Energy expert Kelvin Emmanuel has warned that the Nigerian National Petroleum Company Limited (NNPCL) lacks the capacity to sustain its recent petrol price reductions, insisting the state oil firm cannot compete with Dangote Refinery due to structural inefficiencies and lack of economies of scale.
Speaking in an interview with ARISE News on Saturday, Emmanuel said, “NNPC cannot compete with Dangote. Dangote is an active, functional refinery with economies of scale, while NNPC is sourcing products from imports.”

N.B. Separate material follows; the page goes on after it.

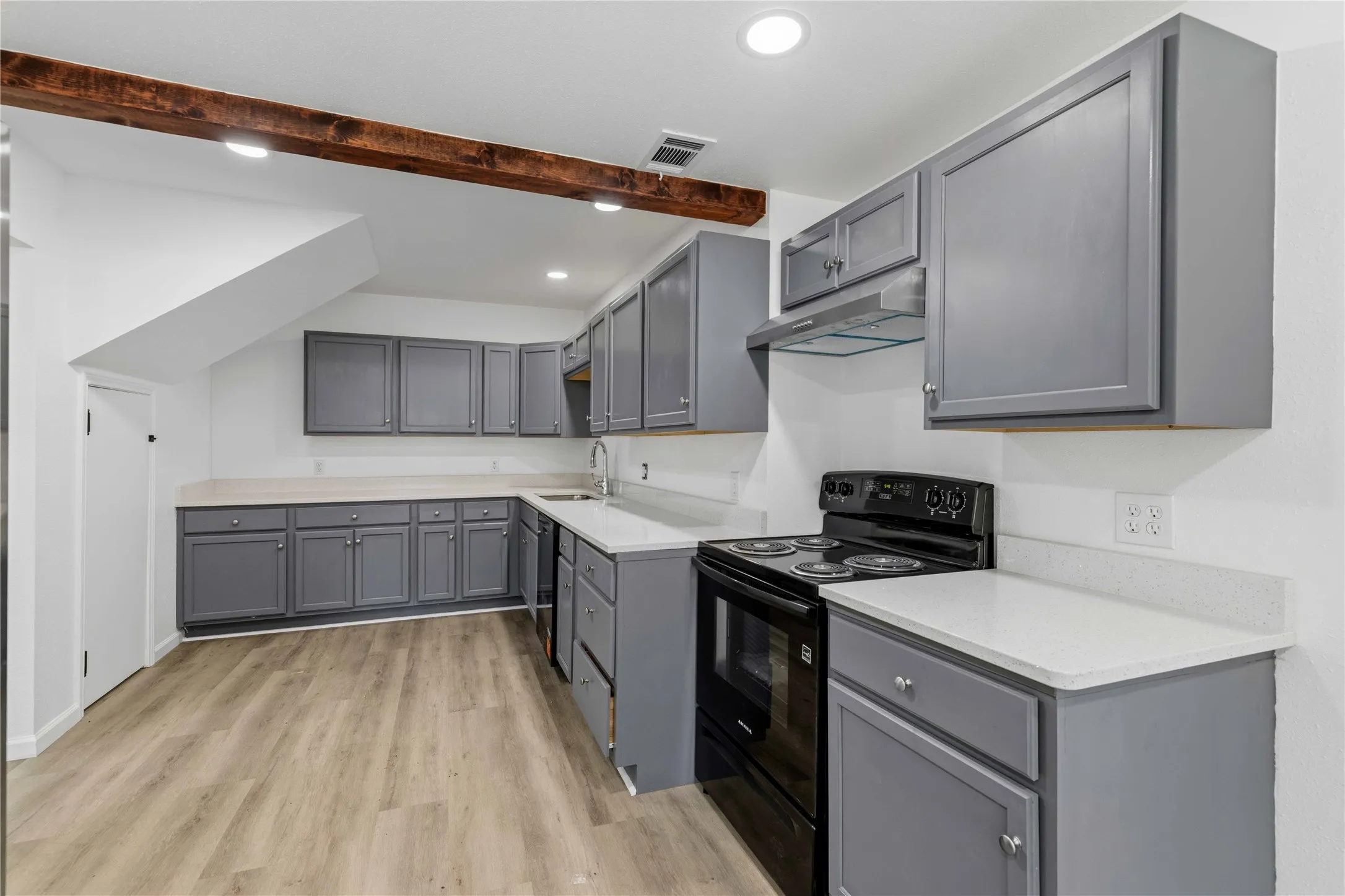 Single Family Residence For Sale in Brown County , 2201 Vincent Street, Brownwood, Texas 76801, 3 Bedroom, 3 Bathroom, Garage spaces, 2,543 Sqft, built in 1940, mls#21334213, Real Estate Agent in Brownwood, Homes For Sale in Brown county, Homes For Sale in Brownwood, Realtor in Brownwood Texas, Real Estate Brokerage Independent Realty Texas, Luminita Cordes Realtor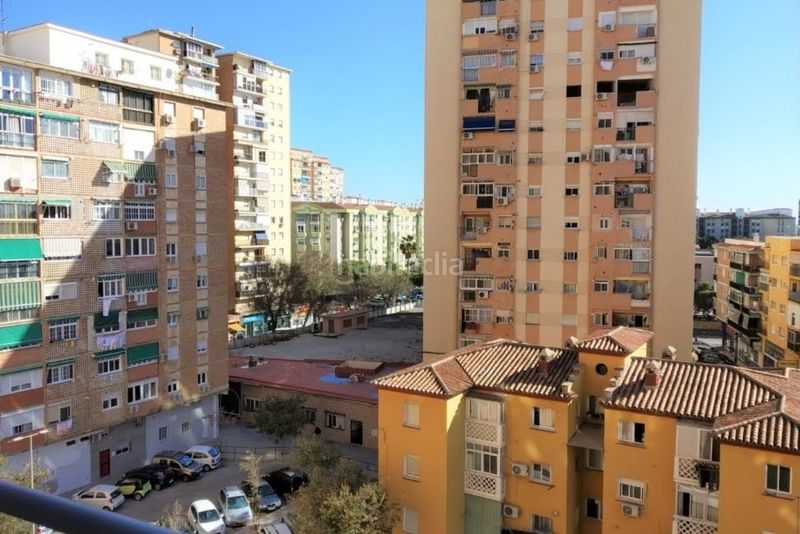 Piso en Calle heroe de sostoa, 85. Estupendo piso con terraza ,salon come muy lumiso (Málaga, Málaga)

His comments followed data from the National Bureau of Statistics showing that petrol prices fell by 12.6 per cent in November 2025, amid aggressive price cuts by Dangote Refinery and a corresponding response from NNPCL.

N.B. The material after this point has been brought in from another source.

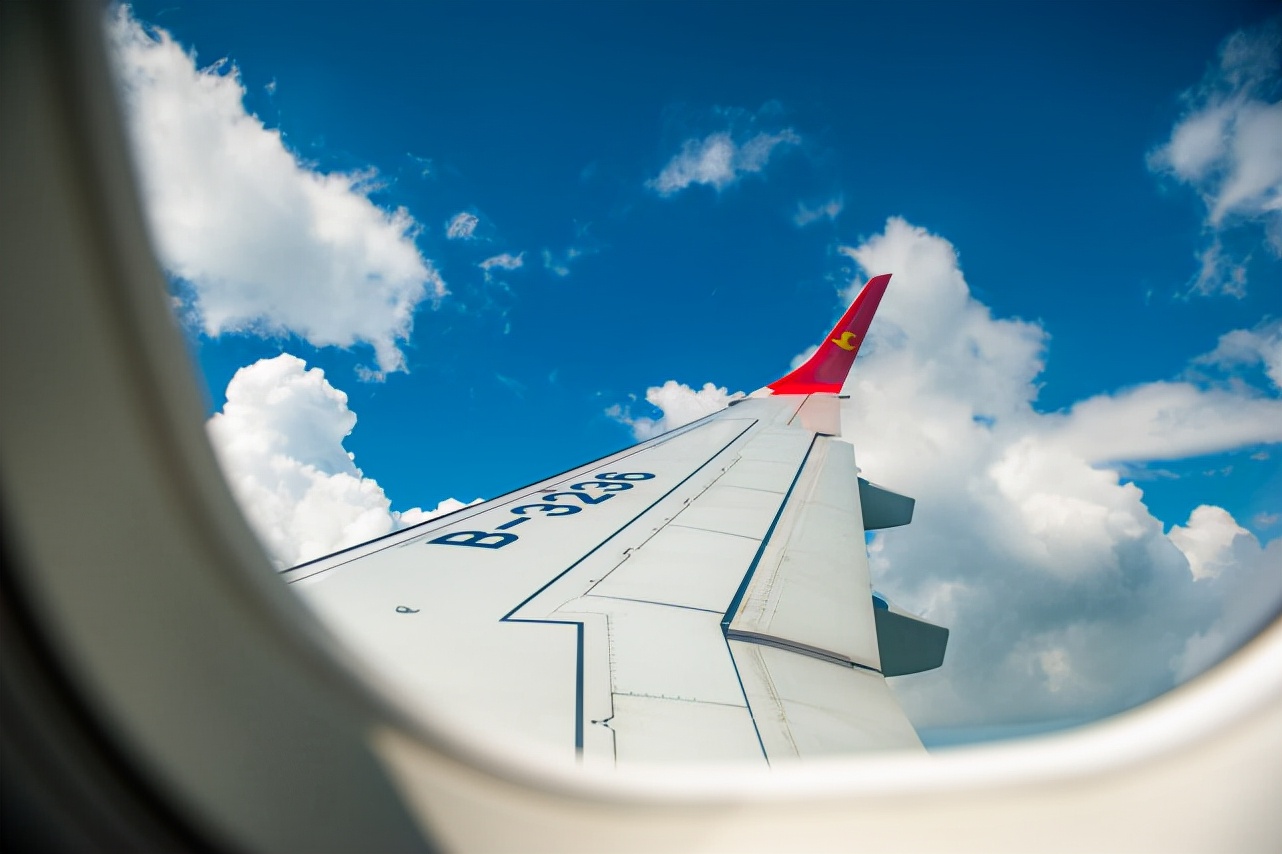 离贵州安顺最近的机场是哪里,贵州安顺普定的飞机场在哪里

Emmanuel said price reductions across the country remain uneven, largely due to distribution challenges and the absence of a private-sector petroleum equalisation mechanism.

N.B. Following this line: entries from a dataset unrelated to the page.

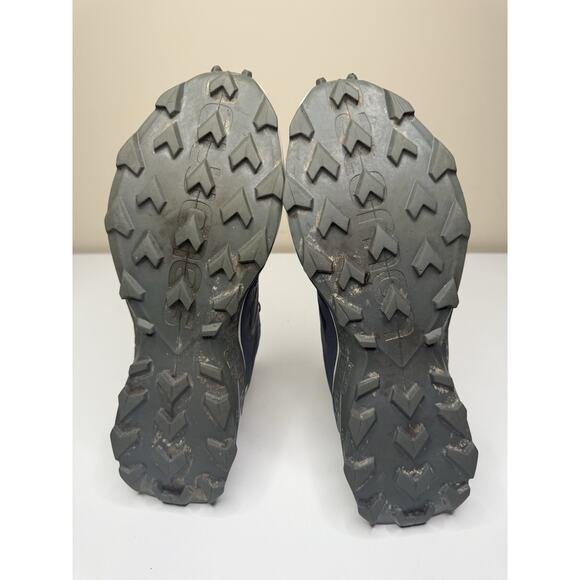 Men’s 11.5 Salomon Black and Red Athletic Hiking Trail Sneakers - Picture 9 of 12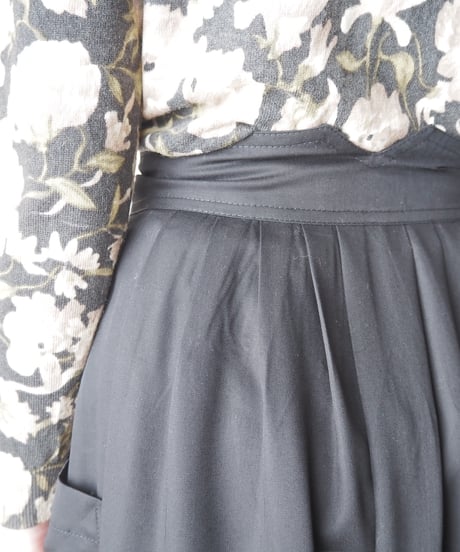 Front Button Pleated Skirt BK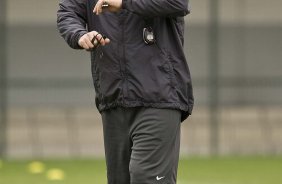 Adilson Batista durante o treino do Corinthians, realizado esta manh no Parque So Jorge. O prximo jogo da equipe, ser domingo, dia 15/08/2010, contra o Ava, no estdio da Ressacada, em Florianopolis, pela 14. a rodada do Campeonato Brasileiro de 2010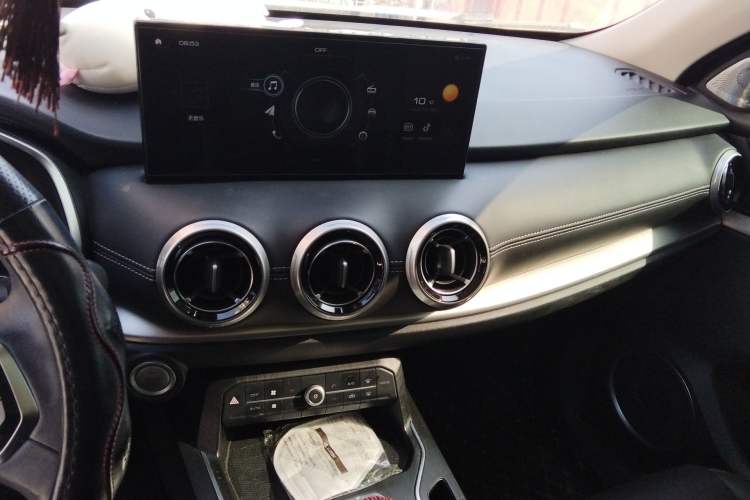 Used Wey VV6 2020 2.0T Two-Wheel Drive Smart Protection+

“There is a variance of prices in different parts of Nigeria because there is a need for a private sector–based petroleum equalisation fund to finance transportation of products,” he said.
He recalled that more than 15 years ago, the Bureau of Public Enterprises designed 22 retail storage distribution centres to act as buffers and strategic petroleum reserves, enabling product movement through pipelines.
“That was why you had facilities like the Atlas Group depot in Mosimi, which was vandalised in 2019 and has still not been restored,”Emmanuel noted.
He criticised NNPC’s pipeline system, describing it as exclusionary.
“The pipeline model that NNPC runs is a closed-loop system, not an open-access model. It doesn’t bring communities in to benefit or provide security,” he said.
According to Emmanuel, Dangote Refinery has had to independently solve logistics challenges.
“Dangote bought 4,000 CNG trucks and is providing a private-sector bridging allowance to distribute products nationwide,” he said, adding that this does not violate the Petroleum Industry Act.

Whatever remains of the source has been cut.